Microbial kinetics of drug action against gram-positive and gram-negative organisms. II: Effect of clindamycin on Staphylococcus aureus and Escherichia coli.

Clindamycin-affected Staphylococcus aureus cultures show biphasic steady-state generation curves. An initial (phase I) generation of the clindamycin-affected Staph. aureus is followed by an ultimate (phase II) generation at the same dose level. The phase I apparent generation rate constant is greater than the phase II apparent generation rate constant and suggests the development of resistant Staph. aureus mutants to clindamycin action after a finite period of drug-bacteria contact at any subcompletely inhibitory concentration level. It is rationalized that the increased resistance to drug action in mutant strains is due to a comparatively reduced ribosomal binding affinity for clindamycin. In contrast, clindamycin-affected Escherichia coli cultures show monophasic steady-state generation curves at all concentration levels; E. coli cultures do not develop resistance to clindamycin action.
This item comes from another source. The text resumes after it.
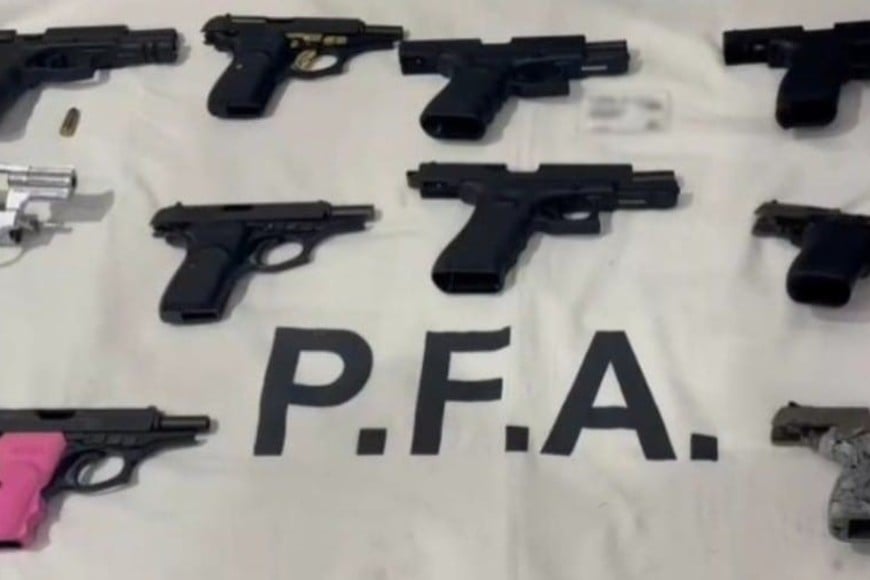 La PFA, en conjunto con la ANMaC, contretaron la detención de 8 personas y el secuestró 122 armas ilegales, en 32 allanamientos realizados en Rosario, Roldán y Villa Gobernador Gálvez. Foto: PFA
The dependence of the apparent generation rate constant on drug concentration yields a sigmoidal curve, which is coincident by a potency factor for the phase I and phase II generations of clindamycin-affected Staph. aureus and suggests a common mechanism of action for both generation phases. That of clindamycin-affected E. coli yields an asymptote curve, which indicates a different mechanism of action. Clindamycin possesses both a bacteriostatic and a bactericidal action on initial and mutant resistant strains of Staph. aureus, whereas its action on E. coli is only bacteriostatic. Consequently, clindamycin has a minimum inhibitory concentration (MIC) against E. coli that is about 1000 times the MIC value against Staph. aureus at 37.5 degrees. The effect of pH changes in broth media on generation inhibition of both Staph. aureus and E. coli by clindamycin action indicates that the unprotonated fraction of drug concentration contributes to the activity, possibly because of its ready penetration through cell membranes.